# Why not just wear a backpack



## Parks71 (Mar 6, 2010)

I notice a lot of you use different bags all over the bike. Why not just wear a backpack? I backpack a lot and want to try bike packing so was just curious about this? My loaded pack with food is only around 18-20 pounds.


----------



## NZPeterG (Mar 31, 2008)

Parks71 said:


> I notice a lot of you use different bags all over the bike. Why not just wear a backpack? I backpack a lot and want to try bike packing so was just curious about this? My loaded pack with food is only around 18-20 pounds.


Because having weight on your back is ok for a day but not for day's.
That's why

Sent from my SM-G930F using Tapatalk


----------



## Weaponized (Oct 22, 2017)

Parks71 said:


> I notice a lot of you use different bags all over the bike. Why not just wear a backpack? I backpack a lot and want to try bike packing so was just curious about this? My loaded pack with food is only around 18-20 pounds.


It's a matter of perspective really. I'm a military guy. Have been since I was 17. I was practically born carrying a backpack so they simply don't bother me. The trick is to use the right pack for the task. There are times where I would not want a heavy pack on my back so for most riding I run a Camelbak mule which is light and streamlined. I also like that it contains a hydration bladder since a water bottle is simply not enough liquid to ride in the tropics with. One big plus if you go with the Tactical versions they usually have molle webbing on the exterior so you can add extra pouches to the pack if you need to carry extra items

Sent from my HTC6535LVW using Tapatalk


----------



## 101 (Nov 14, 2017)

Try it out and see if it works and If it is comfortable. Your bikes geometry will be a big factor here. 20 lbs is a light pack for hiking, but with that weight driving you down into the seat, it can become very noticeable. Also, getting out into the Backcountry (assuming that is your plan) on your bike will likely require more tools and spare parts than you normally carry: spare cables, spokes, chain links, derailer hanger, 2 spare tubes etc, which add considerable weight to a normal load out. For me, there is no comparison: I want heavy items on the bike and at low center of gravity, but plenty of people have done it with a backpack. Do a simple overnight trip and see how it works for what you have in mind. 


Sent from my iPhone using Tapatalk


----------



## Smithhammer (Jul 18, 2015)

Because the bike carries the weight a lot more comfortably than I do. And generally, having the weight lower is better.


----------



## evdog (Mar 18, 2007)

The bros up in BC all seem to bikepack with large backpacks. Possibly because that's just what they have. Or maybe because bikes don't look cool in their shredits with seatbags and handlebar bags. Or more likely they can't throw down unnecessary roosts on every turn because the seatbag prevents them from dropping the saddle. 

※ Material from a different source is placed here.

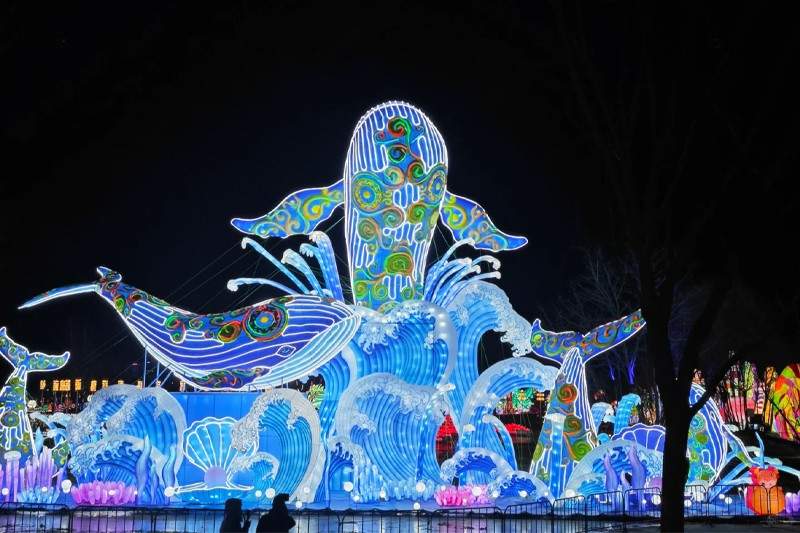 指引未来·奇趣世界(图2)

I've tried a larger backpack with no seatbag. My shoulders hurt a lot more doing hike a bike than when I had a seatbag. But, I knew there would be some steep technical descents and I wanted to be able to drop my saddle. A lot of my bikepacking involves longer distance riding, and for that I don't want a lot of extra weight on my back. My butt and taint get enough abuse as it is. 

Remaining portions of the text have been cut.